- _EXERCISE DESCRIPTION_:
The answer must be the lines from the one that holds "Wooden Work & Play Desktop Activity Board" through the final line of the data, copied exactly, with no pictures.

- _DATA SECTION_:
● ● ● ● ● ● ●
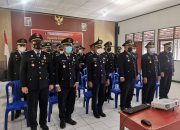 Jajaran Pejabat LPKA Lombok Tengah Ikuti Upacara Peringati Hari Bakti Pemasyarakatan Ke-58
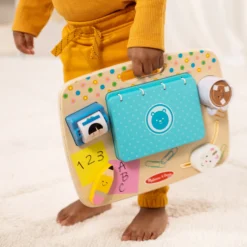 Wooden Work & Play Desktop Activity Board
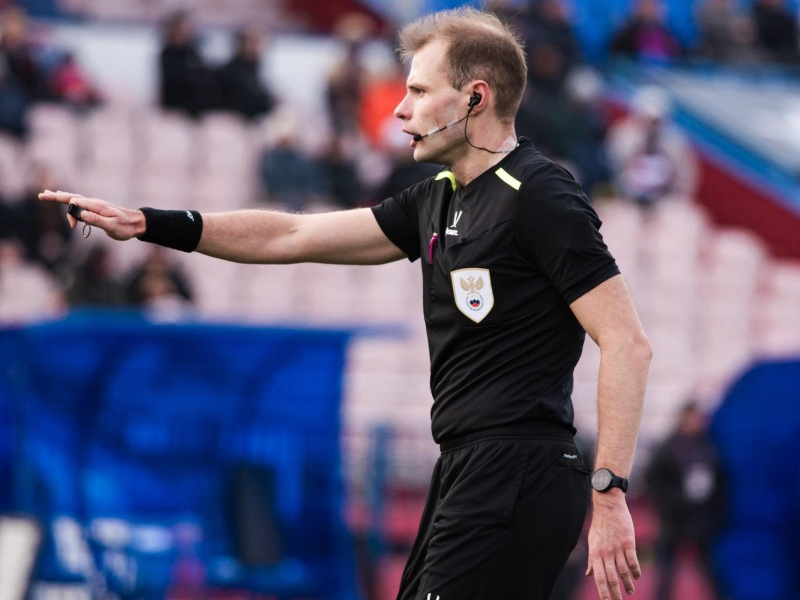 Михаил Плиско – главный арбитр матча «Урал» – «Уфа»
● ● ● ● ● ● ●
- _SOLUTION TO THIS PROBLEM_:
 Wooden Work & Play Desktop Activity Board
 Михаил Плиско – главный арбитр матча «Урал» – «Уфа»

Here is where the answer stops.